Airy function is defined by

\displaystyle Ai(x)=\frac1{2\pi i}\int_{C} e^{s^3/3-xs}\,ds

where C is the contour of integration in the complex plane consisting of the ray joining e^{-\pi i/3}\infty to origin and the ray joining the origin to e^{\pi i/3}\infty.

snip1

It turns out that Airy function is a very nice function. It is infinitely differentiable. The function satisfies the Airy differential equation:

 \displaystyle \frac{d^2y}{dx^2}-xy=0

Airy Kernel is defined by \displaystyle A(x,y)=\frac{Ai(x)Ai'(y)-Ai(y)Ai'(x)}{x-y} where the value of the airy kernel at x=y point is determined by continuity.
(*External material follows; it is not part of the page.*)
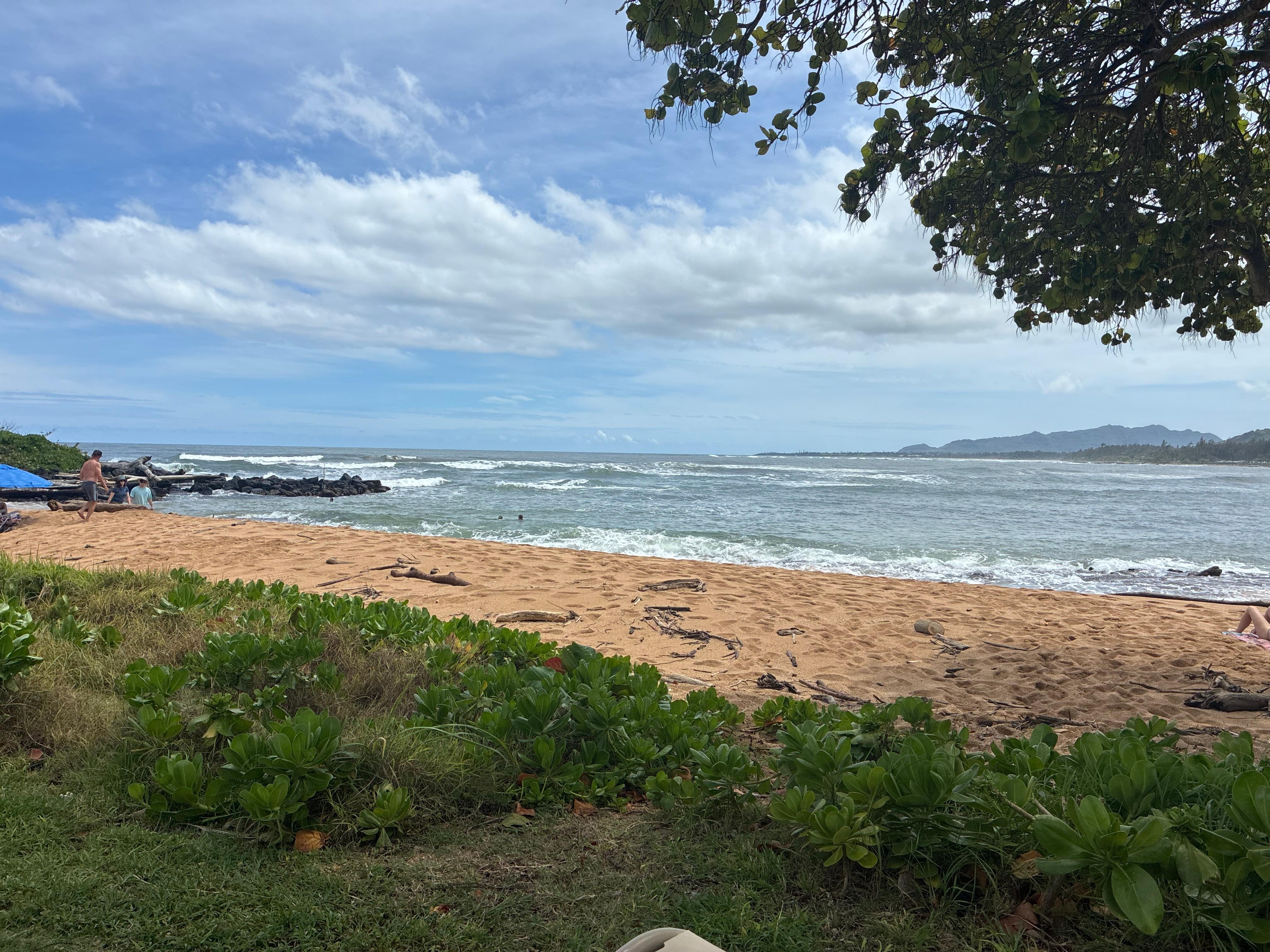 Beach in front of the condo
The first few derivatives of the Airy function decreases exponentially fast. In fact we have the following proposition.

Proposition 2: Fix x_0 \in \mathbb{R}. Then there exists a constant C>0 possibly depending on x_0 such that

\displaystyle \max(Ai(x),Ai'(x),Ai''(x))\le Ce^{-x} \ \ \ \ \forall \ x\ge x_0

Proof: Proof is skipped for the time being.

With help of the above proposition we can now prove the following result for the Airy kernel.

Proposition 3: Fix x_0 \in \mathbb{R}. We have \displaystyle \sup_{x,y\ge x_0} e^{x+y}A(x,y) < \infty.

Proof: To be added later.

Now the question arises why Airy function? It turns out that the wave functions behave asymptotically like the Airy function. The precise statement is presented in next proposition.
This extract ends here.